Position Specific Scoring Matrix (PSSM)
PSSM profiles containing evolutionary information has been shown as an important feature in many previous studies for predicting protein-ligand interaction and other bioinformatics problems (Yu, Hu, Huang, et al., 2013; Chen et al., 2012). PSSM profiles of a sequence were generated using Position-Specific Iterative Basic Local Alignment Search Tool (PSI-BLAST) and searching against the Swiss Prot database. Three iterations were performed with E-value cut-off of 0.001 against each sequence. The original PSSM profiles obtained were further normalized to get value in between 0 and 1, followed by calculation of position specific score for each residue. The final matrix obtained consists of 21× N elements (20 amino acids residue and one dummy residue ‘X’). Here N, is the length of the pattern.

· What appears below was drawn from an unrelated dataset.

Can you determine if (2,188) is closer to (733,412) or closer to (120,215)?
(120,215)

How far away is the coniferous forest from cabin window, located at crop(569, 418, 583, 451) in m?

Machine Learning Techniques
We implemented the python based machine learning package SCIKIT-learn (Pedregosa FABIANPEDREGOSA et al., 2011) for developing prediction models. We implemented Support Vector Classifier (SVC), Random Forest classifier (RFC), ExtraTree classifier (ETC), K-Nearest Neighbor (KNN), Multilayer Perceptron (MLP) and Ridge classifier for developing prediction models. Before, developing prediction models, we optimized different parameters on our internal dataset using Grid Search parameter present in the package.
Evaluation Parameters
Performance of developed prediction models was evaluated in terms of Sensitivity (Sen), Specificity (Spc), Accuracy (Acc), Matthew’s Correlation Coefficient (MCC) and Area Under Receiver Operating Characteristics (AUROC). ‘pROC package’ implemented in R was used for computing AUROC (Title Display and Analyze ROC Curves, 2019). The formula for calculating is explained in the equation 1-4. Where TP represents correctly predicted positive value, TN represents the correctly predicted negative value, FP represents the actual negative value which has been wrongly predicted as positive, and FN represents the positive value which has been wrongly predicted as negative.
Results
Composition Analysis
We have analyzed the amino acid composition of SAM interacting and non-interacting residues in SAM binding proteins. As shown in Figure 1, composition of residues C, D, F, G, H, M, N, S, W, and Y are higher in SAM interacting sites whereas composition of residues like A, E, I, K, L, P, Q, R, and V are higher in SAM non-interacting sites.
Propensity Analysis
We also analyzed the propensities of amino acid residues in SAM interacting and non-interacting sites. We observed that propensities of residues like C, D, F, G, H, M, N, S, W, and Y was higher in SAM interacting sites whereas propensities of residues like A, E, I, K, L, P, Q, R, T, and V was higher in SAM non-interacting sites (Supplementary Figure S1).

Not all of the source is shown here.